WHAT THIS TASK INVOLVES: Below are the records; extract from them the line containing "Gift For Wife" to the line containing "Linzy Toys Luxe", both lines included, exactly and with no pictures.

DATA FOR REVIEW:
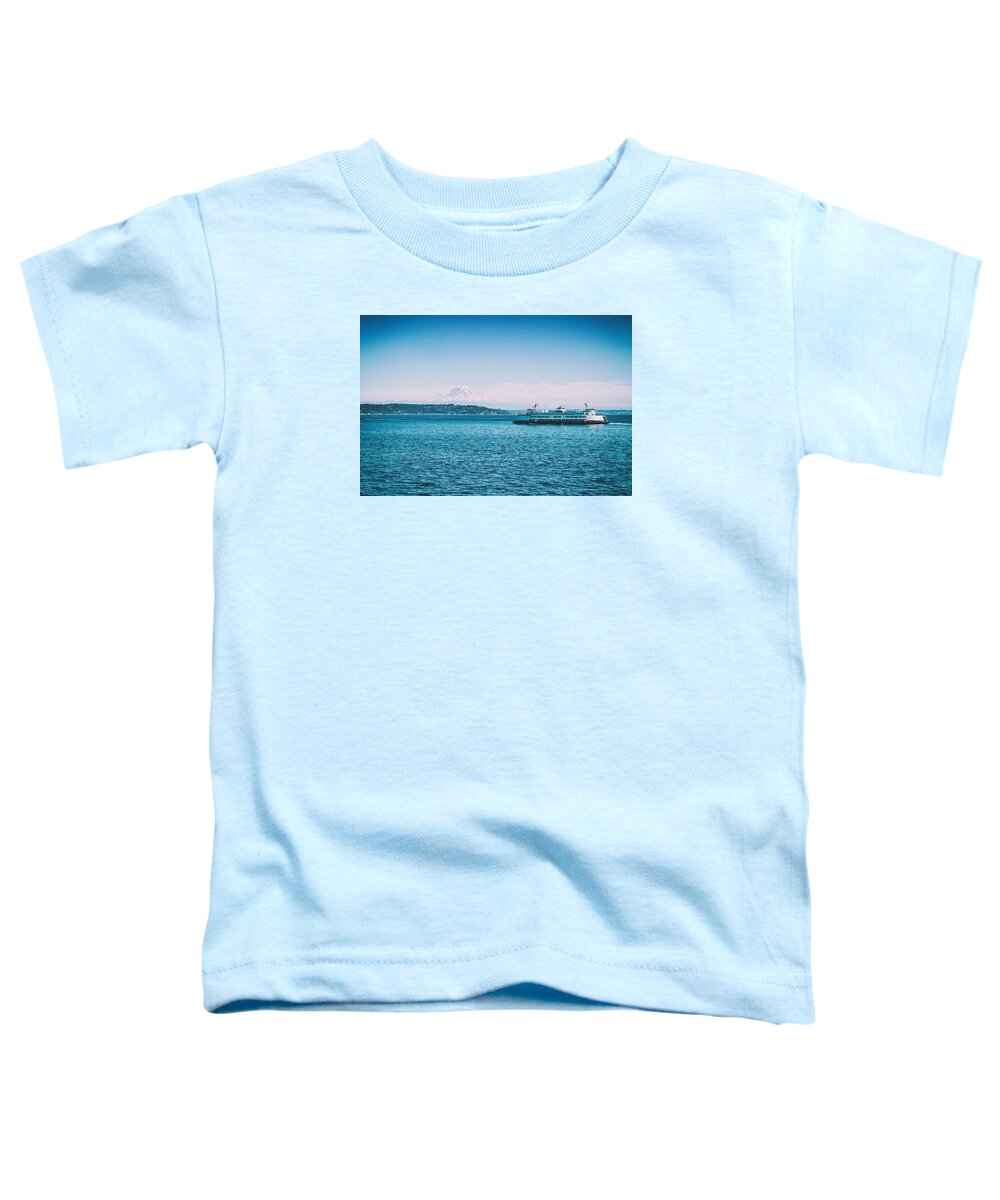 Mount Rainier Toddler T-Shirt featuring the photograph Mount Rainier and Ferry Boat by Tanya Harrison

--

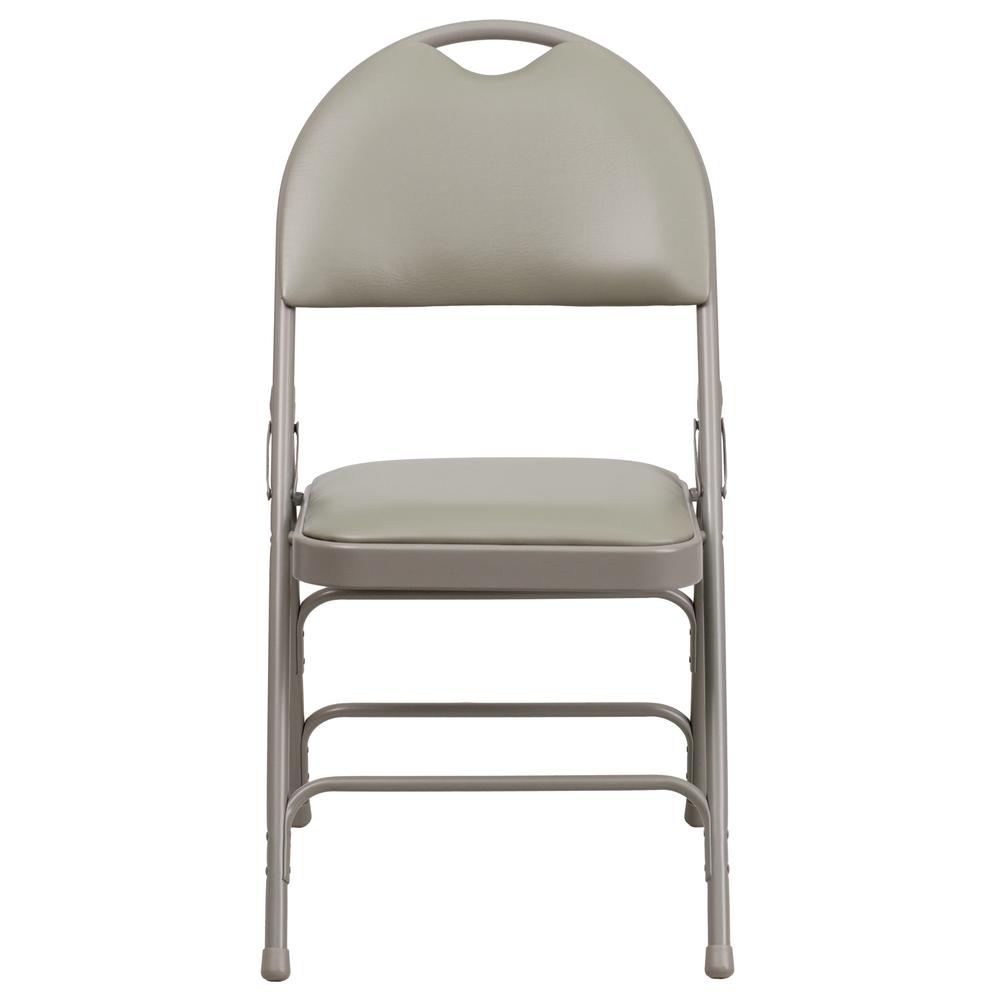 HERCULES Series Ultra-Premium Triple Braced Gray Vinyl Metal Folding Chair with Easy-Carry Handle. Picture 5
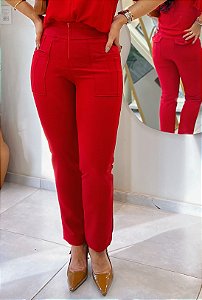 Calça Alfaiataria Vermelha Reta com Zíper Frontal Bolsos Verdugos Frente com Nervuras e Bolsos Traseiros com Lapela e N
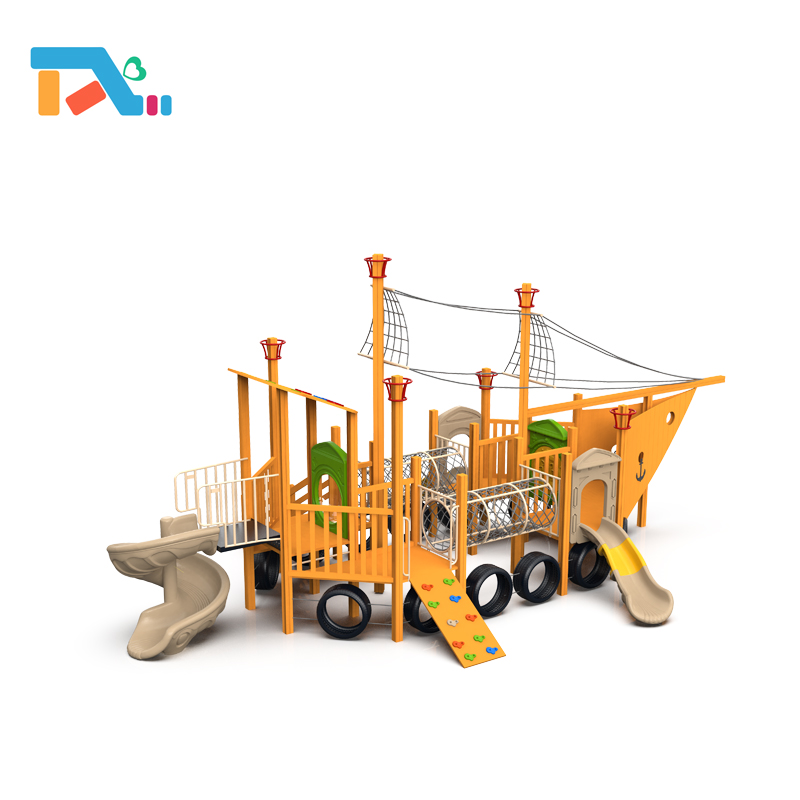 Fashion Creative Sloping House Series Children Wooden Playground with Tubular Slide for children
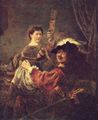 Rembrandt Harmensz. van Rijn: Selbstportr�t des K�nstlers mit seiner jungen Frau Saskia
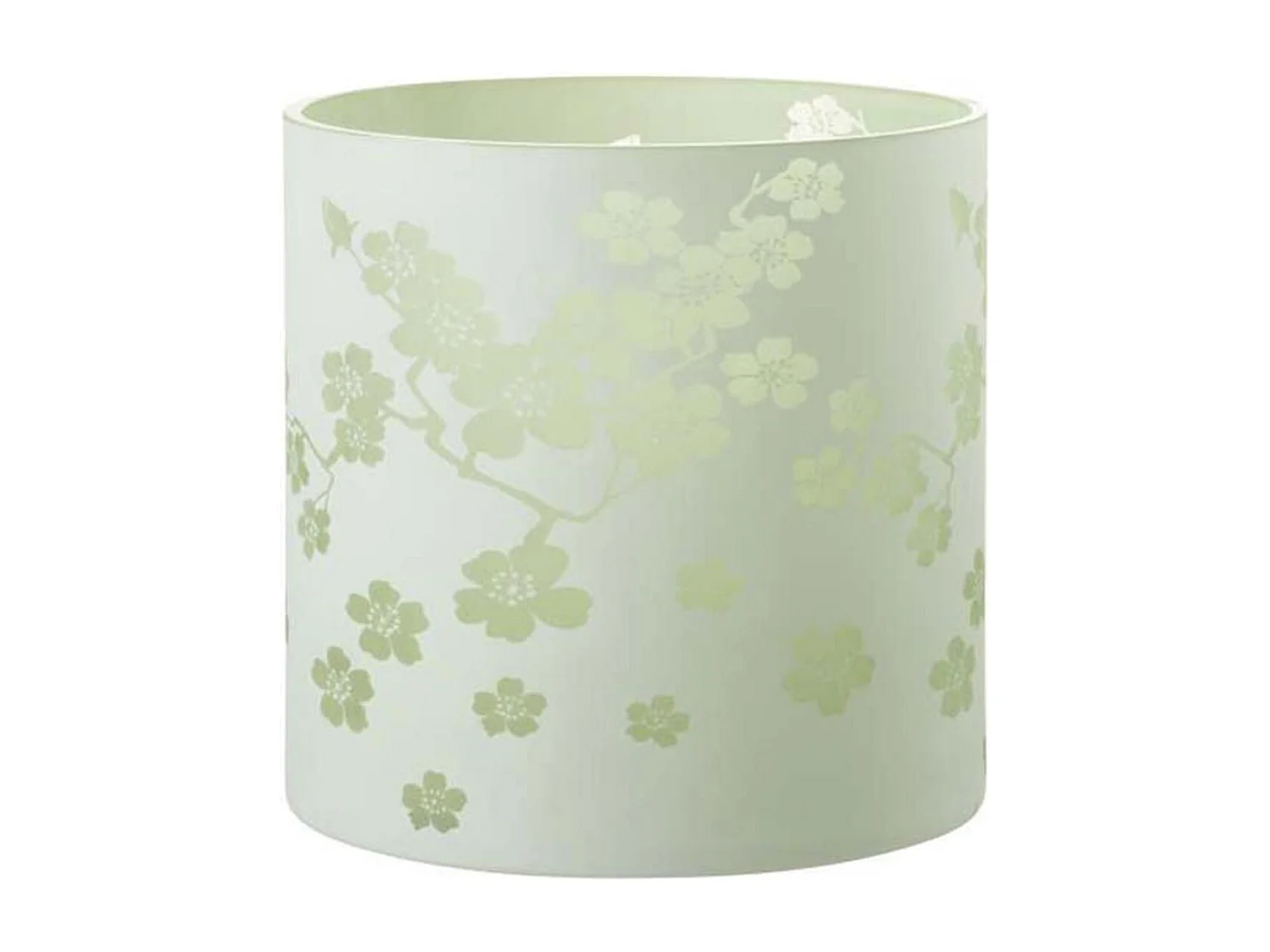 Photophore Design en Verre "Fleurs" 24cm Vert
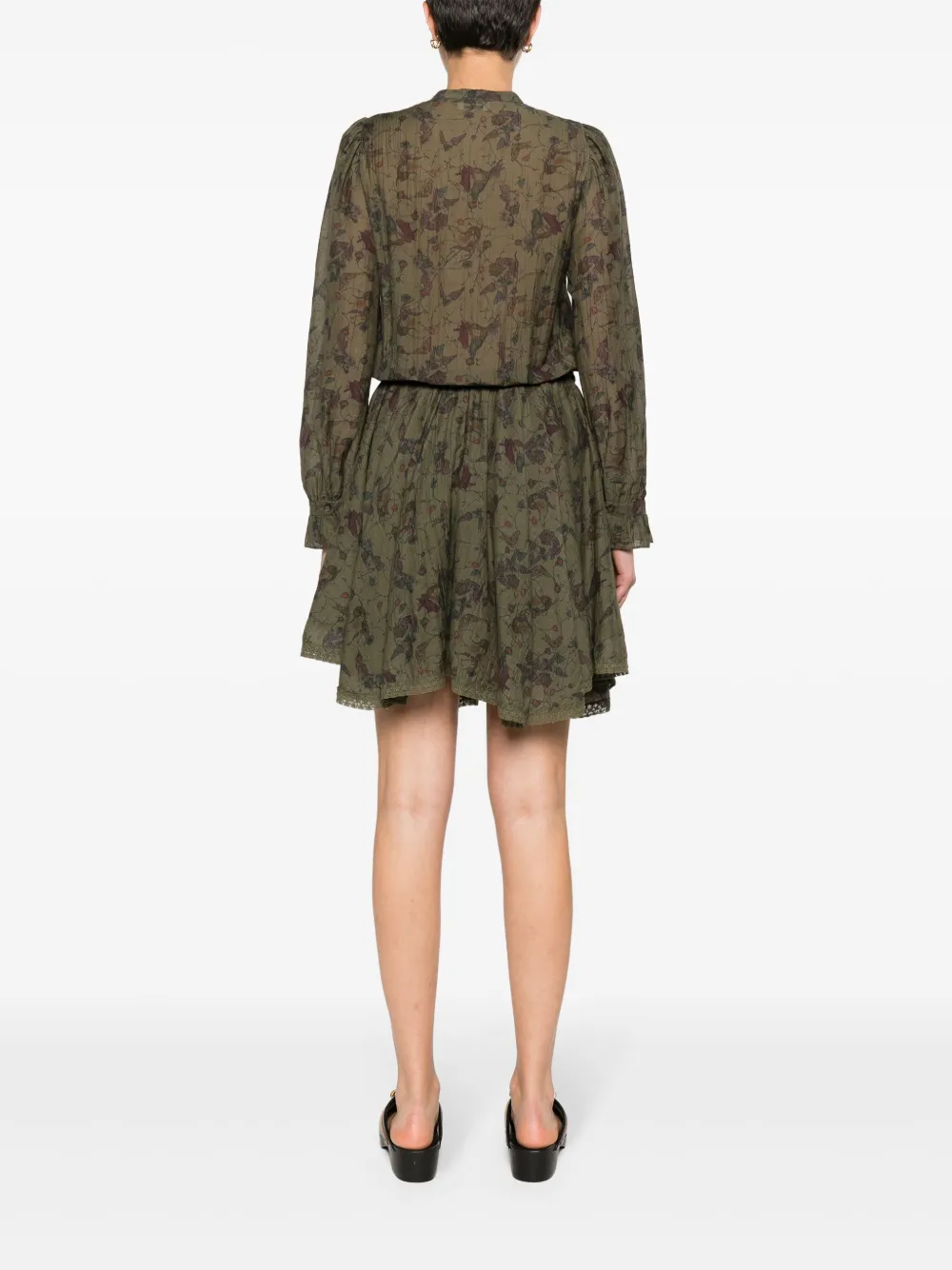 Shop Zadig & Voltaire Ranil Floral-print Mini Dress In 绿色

* * *

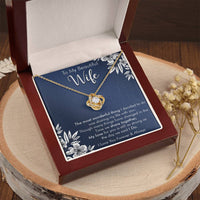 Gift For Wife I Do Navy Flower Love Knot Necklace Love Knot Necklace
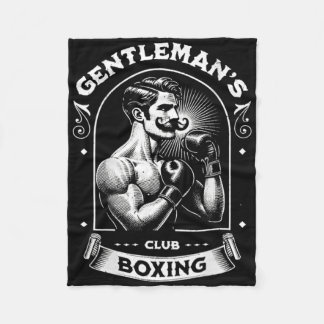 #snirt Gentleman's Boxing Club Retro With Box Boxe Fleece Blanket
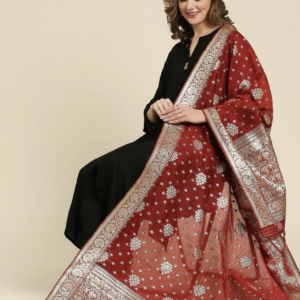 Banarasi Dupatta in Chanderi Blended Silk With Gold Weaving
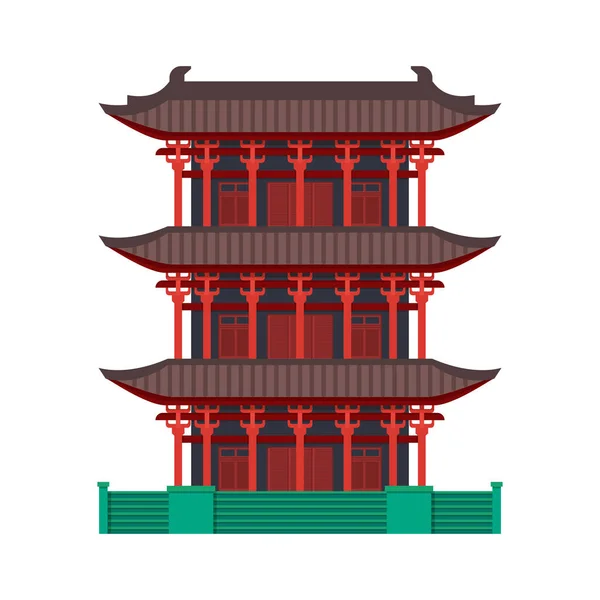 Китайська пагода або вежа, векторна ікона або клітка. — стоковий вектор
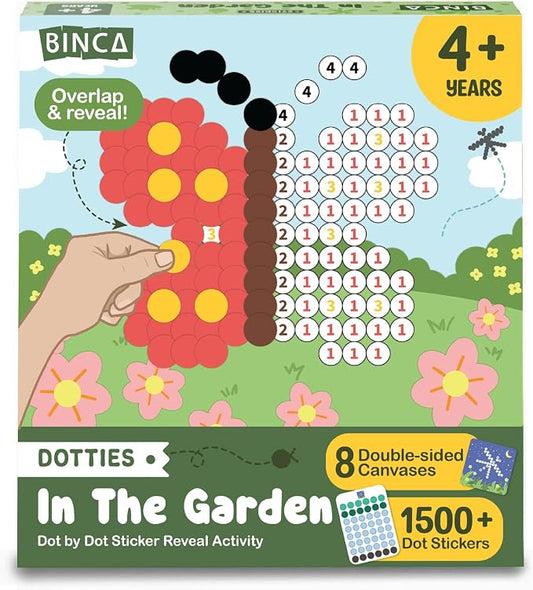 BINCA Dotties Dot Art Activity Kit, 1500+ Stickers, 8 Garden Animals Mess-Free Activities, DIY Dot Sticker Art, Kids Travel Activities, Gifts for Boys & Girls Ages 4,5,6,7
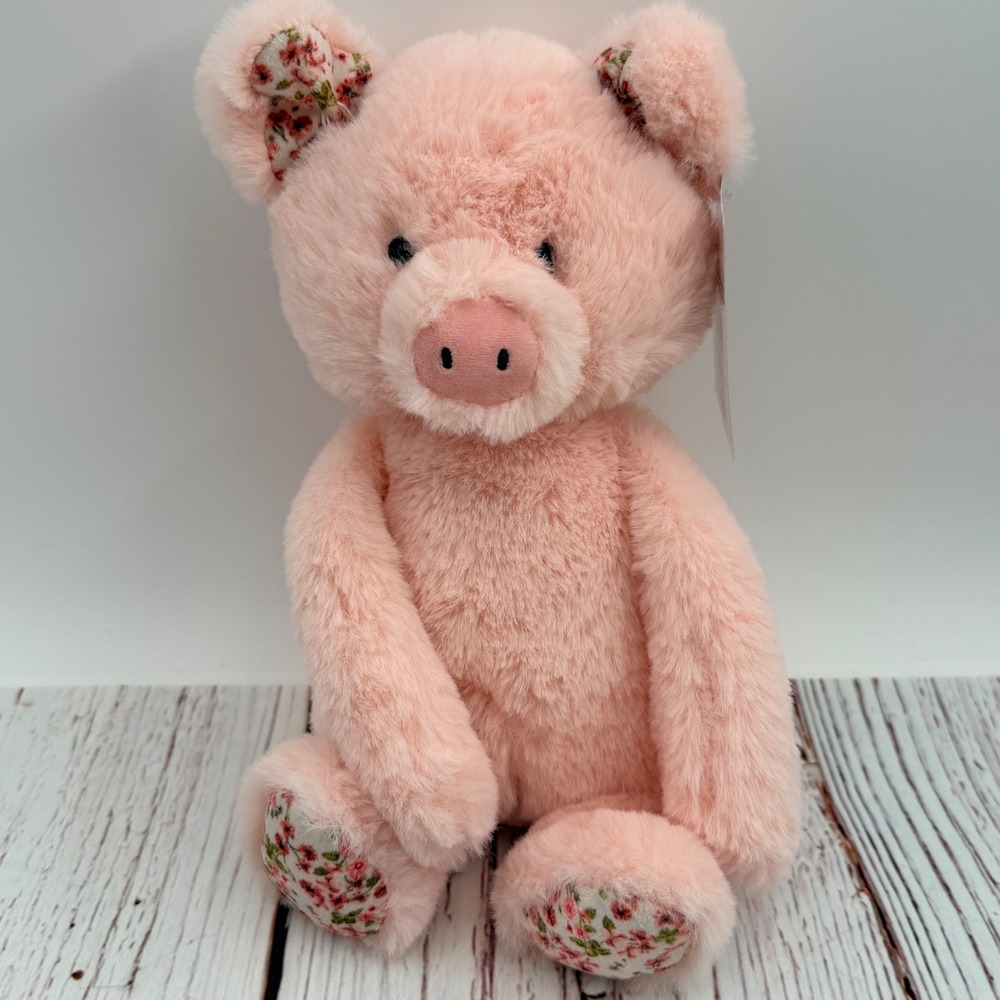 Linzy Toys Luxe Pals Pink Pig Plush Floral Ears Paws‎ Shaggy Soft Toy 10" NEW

OUTPUT FOR THIS EXERCISE:
 Gift For Wife I Do Navy Flower Love Knot Necklace Love Knot Necklace
 #snirt Gentleman's Boxing Club Retro With Box Boxe Fleece Blanket
 Banarasi Dupatta in Chanderi Blended Silk With Gold Weaving
 Китайська пагода або вежа, векторна ікона або клітка. — стоковий вектор
 BINCA Dotties Dot Art Activity Kit, 1500+ Stickers, 8 Garden Animals Mess-Free Activities, DIY Dot Sticker Art, Kids Travel Activities, Gifts for Boys & Girls Ages 4,5,6,7
 Linzy Toys Luxe Pals Pink Pig Plush Floral Ears Paws‎ Shaggy Soft Toy 10" NEW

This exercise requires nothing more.